> EXERCISE DESCRIPTION
The expected output is the line holding "Roze Coquette Bow" plus every line after it through the end of the listing, copied exactly.

> RECORDS FOR THIS TASK

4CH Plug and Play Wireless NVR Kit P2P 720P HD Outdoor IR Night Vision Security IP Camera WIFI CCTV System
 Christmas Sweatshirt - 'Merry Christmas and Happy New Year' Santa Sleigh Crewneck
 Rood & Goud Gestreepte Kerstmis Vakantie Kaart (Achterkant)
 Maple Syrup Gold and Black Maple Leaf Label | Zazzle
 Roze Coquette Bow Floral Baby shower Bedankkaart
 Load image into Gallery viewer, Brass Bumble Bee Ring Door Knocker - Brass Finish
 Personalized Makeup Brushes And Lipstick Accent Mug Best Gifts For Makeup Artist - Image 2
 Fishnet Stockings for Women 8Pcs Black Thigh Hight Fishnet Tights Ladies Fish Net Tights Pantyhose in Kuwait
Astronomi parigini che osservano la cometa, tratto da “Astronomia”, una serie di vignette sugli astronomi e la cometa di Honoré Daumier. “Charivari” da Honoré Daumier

> RESPONSE BELOW
 Roze Coquette Bow Floral Baby shower Bedankkaart
 Load image into Gallery viewer, Brass Bumble Bee Ring Door Knocker - Brass Finish
 Personalized Makeup Brushes And Lipstick Accent Mug Best Gifts For Makeup Artist - Image 2
 Fishnet Stockings for Women 8Pcs Black Thigh Hight Fishnet Tights Ladies Fish Net Tights Pantyhose in Kuwait
Astronomi parigini che osservano la cometa, tratto da “Astronomia”, una serie di vignette sugli astronomi e la cometa di Honoré Daumier. “Charivari” da Honoré Daumier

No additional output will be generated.